Textile Society of America

 

Date of this Version

2002

Document Type

Article

Citation

Published in Silk Roads, Other Roads: Textile Society of America 8th Biennial Symposium, Sept. 26–28, 2002, Smith College, Northampton, Massachusetts.

Comments

Copyright 2002 by the author(s). Used by permission of TSA.

Abstract

At the 1998 TSA Symposium in New York City, we presented a paper that documented the work of three textile artisan enterprises. All embraced a fair trade approach to their work. Known as Alternative Trade Organizations (ATOs), these enterprises are deeply committed to a mission of sustainable, people-centered development (Littrell and Dickson 1997). More specifically, this fair trade partnership between textile artisans and retailers involves joint commitment to:

• paying fair wages within a local context,

• providing healthy and safe working conditions,

• sustaining the environment,

• promoting capacity building through business and technical training, and

• honoring cultural identity as a stimulus for textile product development.

Following from that paper, in our 1999 book, Social Responsibility in the Global Market (1999), we boldly contended that as a philosophy, fair trade fosters empowerment and improved quality of life for artisans through an integrated and sustained system of trade partnerships. However, since 1999, as we became more engaged in broader issues of corporate responsibility, particularly as related to apparel sweatshops, we began to question whether goals of worker empowerment were in fact being reached among textile artisan enterprises organized under a fair trade philosophy.

With a grant from the Earthwatch Institute and the assistance of 24 Earthwatch research volunteers from around the globe, we are in the process of assessing the impacts of artisan work on women's capabilities, livelihood, and quality of life for the textile artisans involved with Marketplace: Handwork of India, an ATO and one of the three groups described at the 1988 TSA symposium. The insights we offer in this paper come from our initial interpretation of the interviews with approximately 100 of the women.

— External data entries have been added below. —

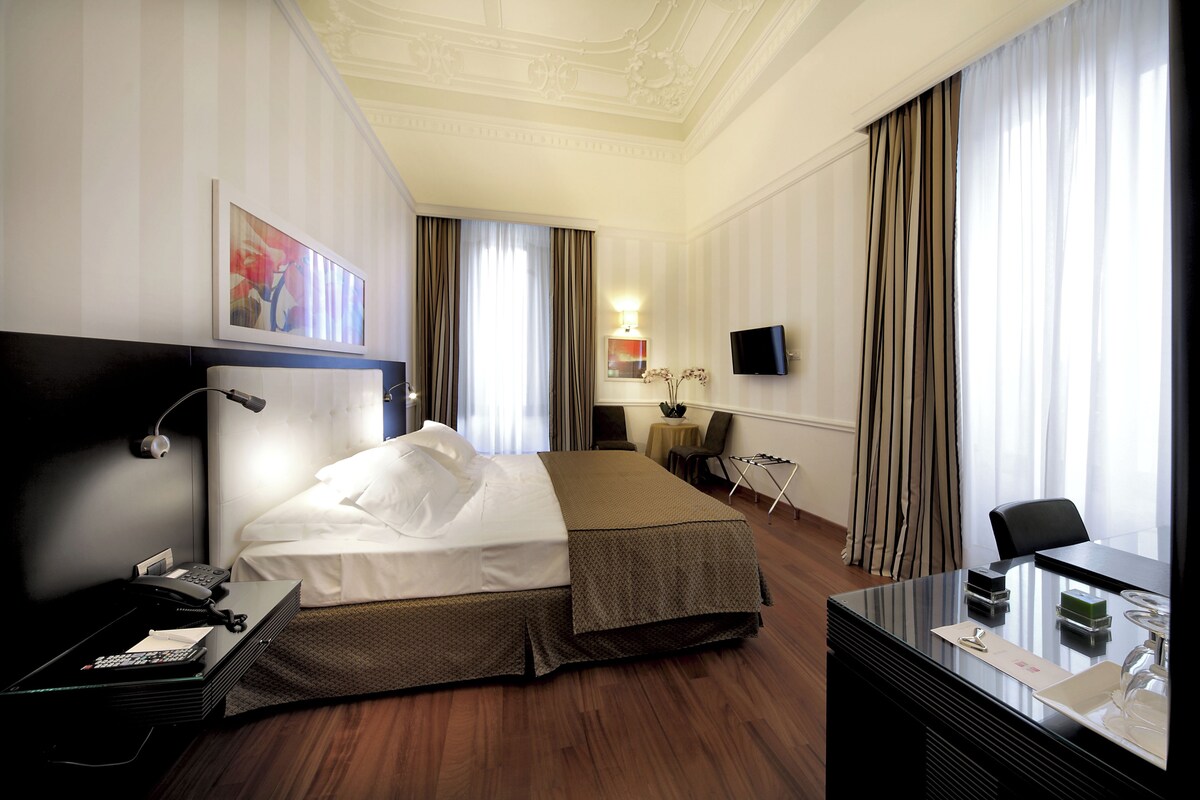 A hotel room with a bed, bedside table, lamp, TV, and a desk with a chair.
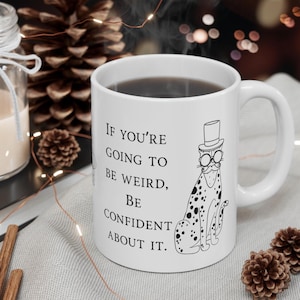 May include: White ceramic mug filled with coffee, displaying a black and white illustration of a cat in a top hat and spectacles. The mug has the text: "If you're going to be weird, be confident about it."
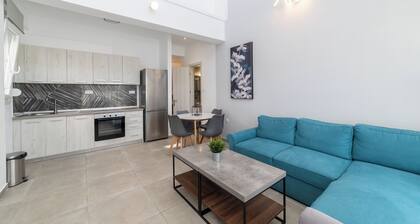 Thalassa- Two-Bedroom Duplex with Garden
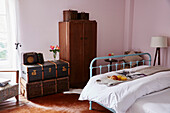 Vintage suitcases ad wardrobe in bedroom Lot et Garonne, France
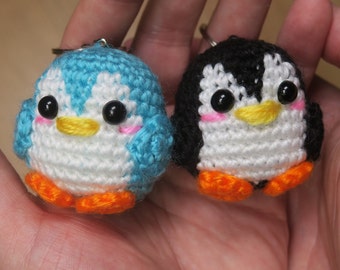 May include: Two crocheted penguin keychains, one blue and one black, with white faces, orange beaks, and black eyes.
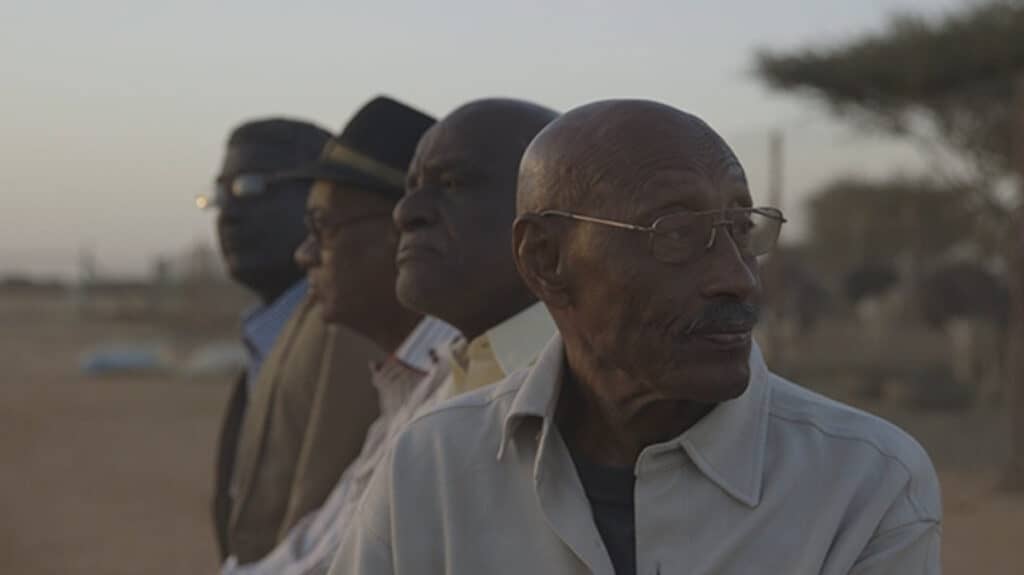 Still from Talking About Trees (2019) showing four elderly men looking into the distance at dusk, symbolising resilience and collective memory in Sudanese cinema.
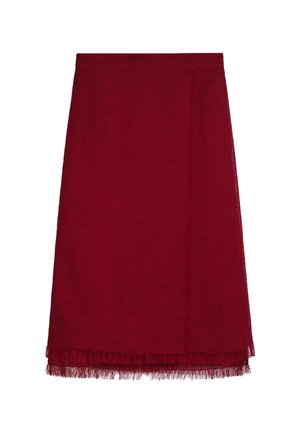 Red skirt with a straight cut, featuring a fringed hem and textured fabric. Simple waistband, no visible hardware or embellishments.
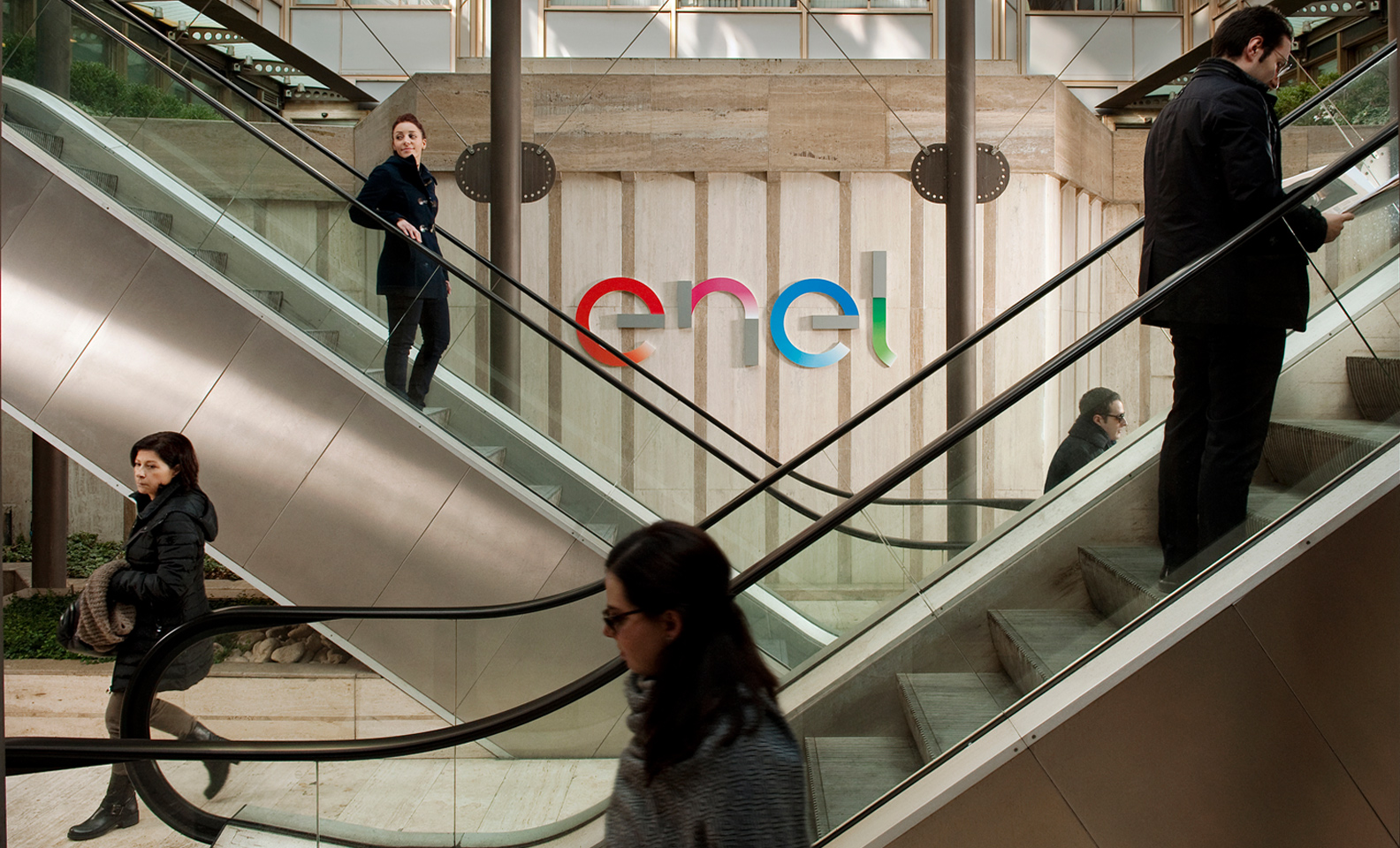 People on the escalators inside Enel headquarters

As a part of the research process, 30 of the Marketplace artisans used cameras to photo-document and discuss their daily lives and work. Through many of the photos the artisans took, the women offered a pictorial perspective of their households and their work. The research tool of photoelicitation has been employed as a valuable field research tool for informants to produce images of themselves that introduce their own criteria for self-assessing their lives (Roncoli and Sendze 1997). Through photos, informants offer a voice that might not be heard in shaping how their quality of life is discussed and analyzed (Karp 1999).